1. Where are you in the world right now, and what is the setting like?

I’m in Oceanside, California, and it’s 70 degrees year round, and by the beach — less than two miles away from the water.

2. What is the first album or piece of music you bought for yourself, and what was the medium?

Oh boy, that’s a tough one. It’d probably be a 7″ record. It would have been in the ’70s, so I would say maybe “Boogie Oogie Oogie” by A Taste Of Honey.

3. Where did your parents do for a living when you were a kid, and what do, or did, they think of what you do for a living now?

Good one. My mom was a hairdresser for Vidal Sassoon and Paul Mitchell, she taught at his school and also sang backups for a couple of local bands like Paul Revere & The Raiders in San Francisco. My dad was an upholsterer, unfortunately he’s passed, but my mom, up until five years ago, was still in that mode of “When are you going to get a real job?” Now she kind of sees the light, finally, after 35 years.

4. What is the first non-gear thing you bought for yourself when you started making money as an artist?

Probably a car. It was when the Lexus first came out, and I got a GS 300. Then after that I just went to Toyotas. I realized it wasn’t worth spending a lot of money on.

5. If you had to recommend one album for someone looking to get into electronic music, what album would you give them?

I would say the first Future Sound Of London record, [1992’s Accelerator.]

6. What’s the last song you listened to?

I think the last album was The English Beat’s Live at US Festival ’82 & ’83. I listen to tons of promos every day, but my friend Harry Romero did a remix of “House of God” by DHS, and that was probably the last thing I really got into. People like Harry Romero and Maceo Plex, they make these bootlegs, and they’re just for us to play. There’s like three or four people that have them, which kind of sucks for everybody else, but great for us.

7. What gigs on your summer schedule are you most looking forward to?

I’m going to England for all of August, and the Houghton Festival is one for sure that I’m looking forward to. It’s my fourth time, and always extremely great, and going to Berlin again for Heideglühen, which is a great club, and also doing Notting Hill Carnival in London and doing Shambhala in Canada. There’s been a lot of good things this year. I can’t really complain. San Francisco is always a treat as well.
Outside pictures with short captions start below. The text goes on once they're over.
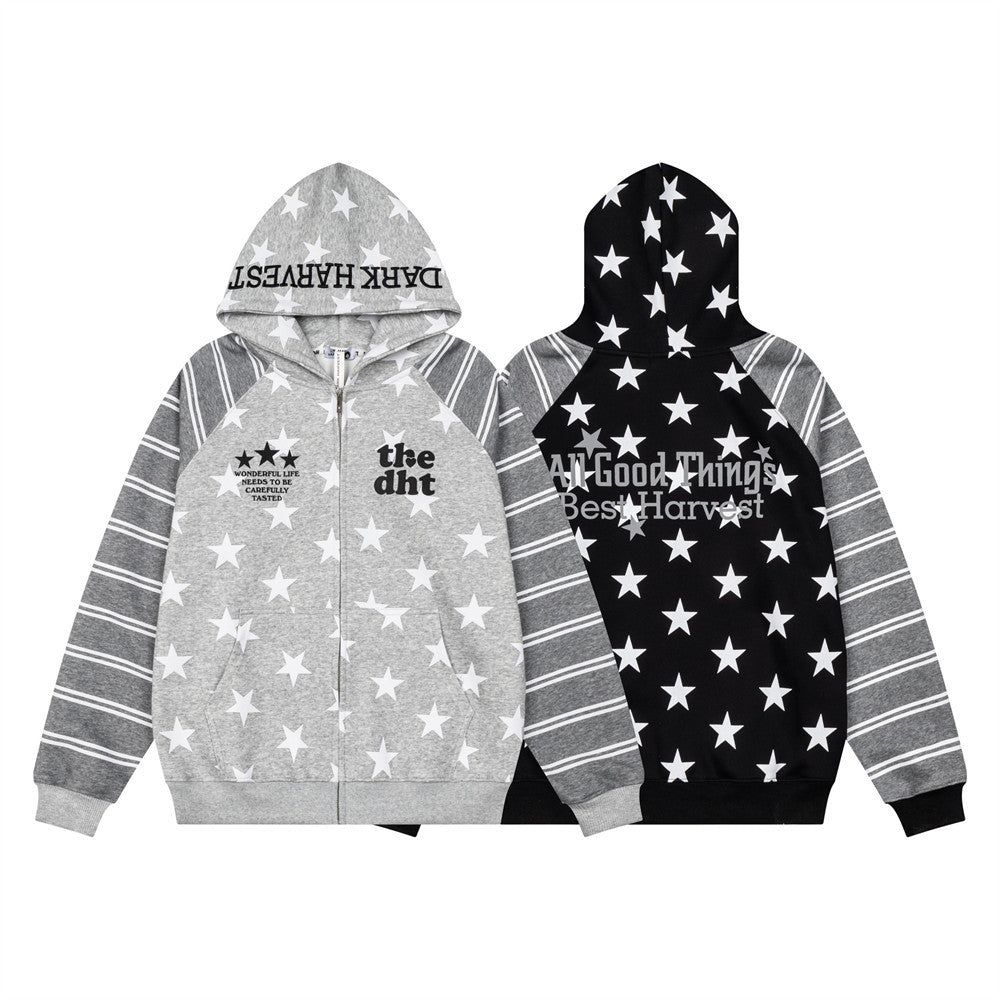 Star Print Zip-Up Hoodie with Striped Raglan Sleeves – Oversized Streetwear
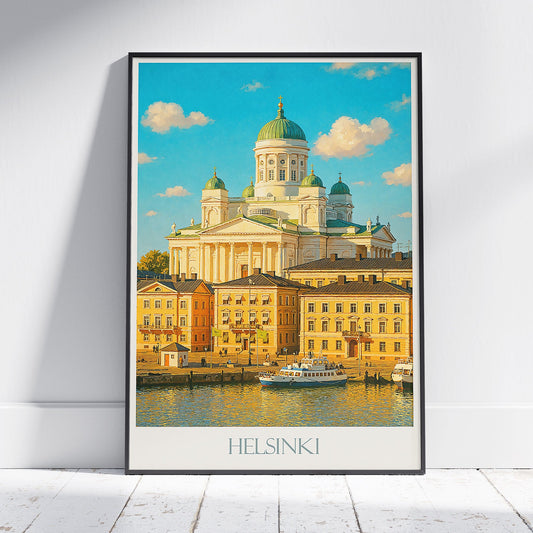 Helsinki Travel Poster | Finland Cathedral Waterfront Art Print | Nordic Home Decor | Scandinavian Vacation Gift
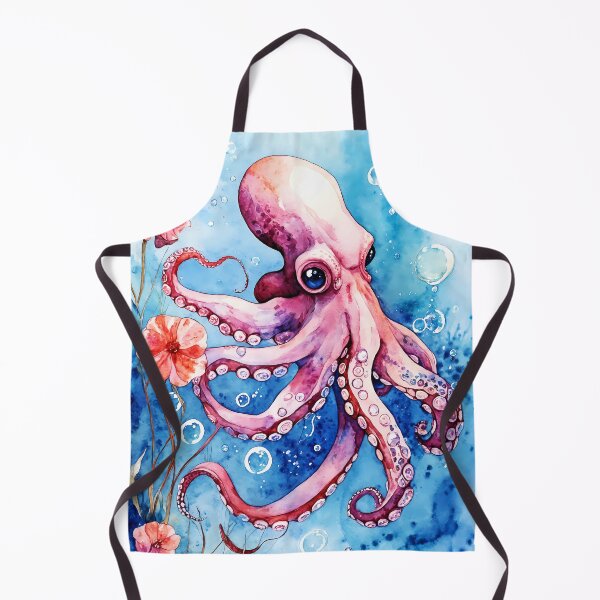 Item preview, Octopus in a Floral Seaworld with Bubbles designed and sold by soulfulpalette.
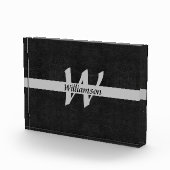 Bloc Photo Monogramme Noir et gris Nom Initiales Cadeau de bu (Droite)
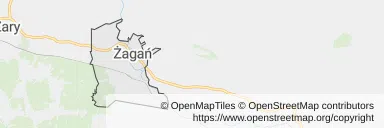 Mapa z zaznaczonym Żaganiu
8. There’s so much lore about the Los Angeles dance scene in the ’90s. What was it really like?

The underground was really renegade in a lot of ways. There were a lot of warehouse parties because of the vast warehouse district at that time, and I think a lot of warehouse owners really need to make some extra money, so there was a huge underground as far as locally grown spaces. A lot of acts from England would come. In early ’86 I was still in San Francisco and booking people like Inner City, Liz Torres, D Mob, and it was just a crazy time.

The clubs in L.A. were great as well, because you had what was known as the Brat Pack, and all these celebrities mixing with people. The first gig I ever did in Los Angeles, I turned around [and] Nicholas Cage, Charlie Sheen and James Spader were in the booth with me. And there were a vast majority of different people and styles, and that’s kind of what made L.A. really pop in the ’90s. You would have gothic people, people dressed like rockabilly next to punks, normal college kids. That made things really interesting.

9. Was it as fun and epic as everyone paints it out to be?

It was in a lot of ways, because it was done by people like us, using our own money. It wasn’t done by any corporate entities at all. When people would do theme parties, they would actually make the props themselves. There was a lot of love and effort put into it, and that made things really special. You would go out and it would be opening and closing night at the time time, so you didn’t want to miss anything.

10. When did you feel things start to change?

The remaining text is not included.